On Tue, Jan 5, 2016 at 12:07 AM, Erik Nygren <erik+w3@nygren.org> wrote:
> MDNS names (such as "example.local") also provide a way to get at these
> resources without needing to probing adjacent address space since they may
> resolve to public IPv4 or public IPv6 addresses. One way of tackling those
> could be to treat ".local" names as all being private regardless of what
> IPs they resolve to.
>
Adding `.local` makes sense to me, thanks!
> I agree that there are some cases like localhost in particular where this
> is straight-forward (and especially valuable as part of a "(http,localhost)
> as secure origins for sub-resources but requiring CORS" story).
>
Right. I think I noted in the doc that enforcing these limitations would
make me happier about not blocking `http://[loopback]` as mixed content.
I'm not happy at all about doing that in the status quo.

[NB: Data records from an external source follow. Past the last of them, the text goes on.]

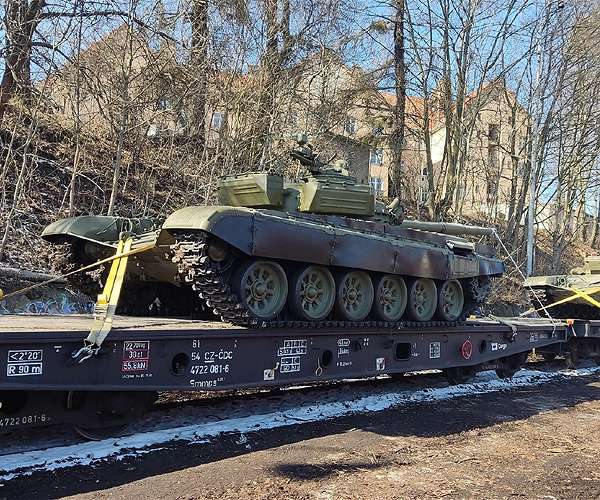 More heavy weapons for Ukraine 'in the near future': NATO chief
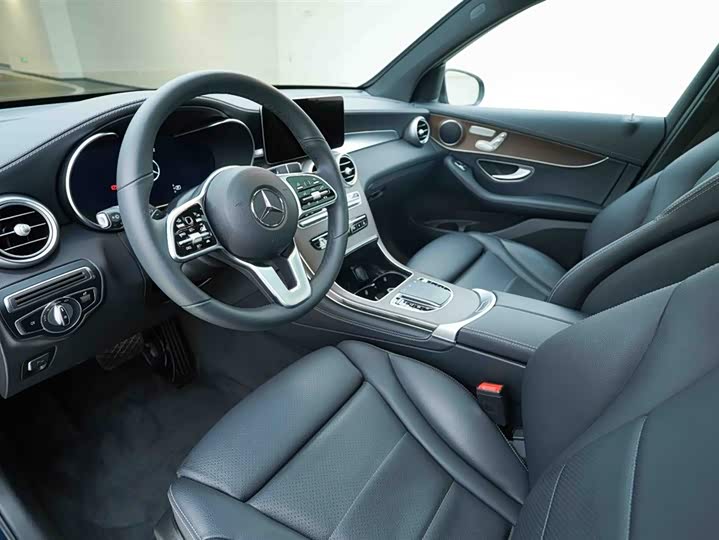 Zdjęcie 9 - Mercedes-Benz GLC-Class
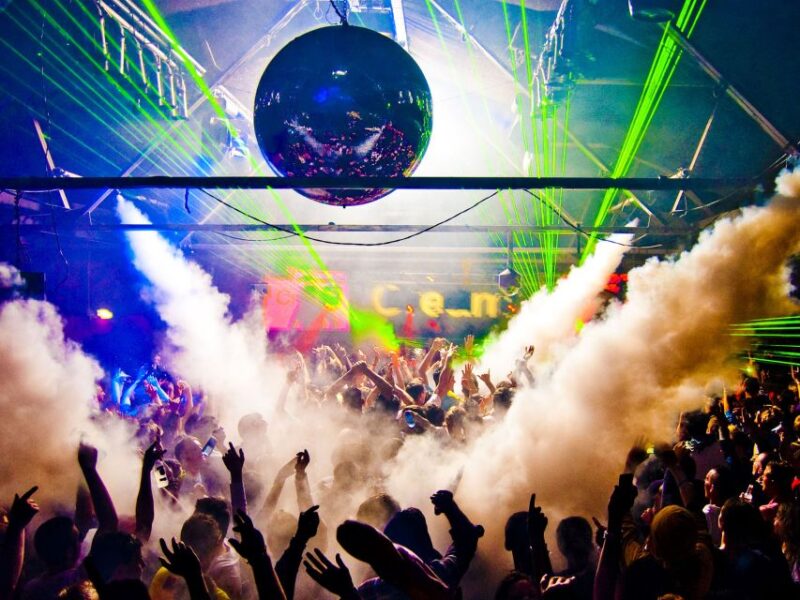 Amsterdam: Moco Museum & Nightclubs Admission Combo w/ Taxi - Using the Free Taxi Service for Easy Movement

On Mon, Jan 4, 2016 at 5:40 PM, Nottingham, Mark <mnotting@akamai.com>
> wrote:
>
>> Are we trying to defend against the case where an attacker looks at the
>> global IPv6 address of the UA and then crafts the attack to probe adjacent
>> space (i.e., within the delegated prefix)?
>>
>
I would like to do this. It sounds like y'all are telling me that that's
hard to do in a well-defined way.
> Or are we just trying to provide (imperfect) defence in depth against
>> attacks against sloppy local services that assume being behind NAT means
>> they're safe?
>>
>
Certainly this.
> I think Richard is on a pretty good path -- expose the primitives that we
>> have reasonably easy access to, and figure out reasonable default
>> behaviours for each.
>>
>
I still don't follow Richard's proposal. What do you think he's suggesting?
:)
> P.S. Maybe this is an opportunity to reopen a discussion of OPTIONS-free
>> CORS; some of these things get quite chatty.
>>
>
Certainly worth exploring. I think you have a concrete proposal floating
around somewhere? Might be worth a separate thread.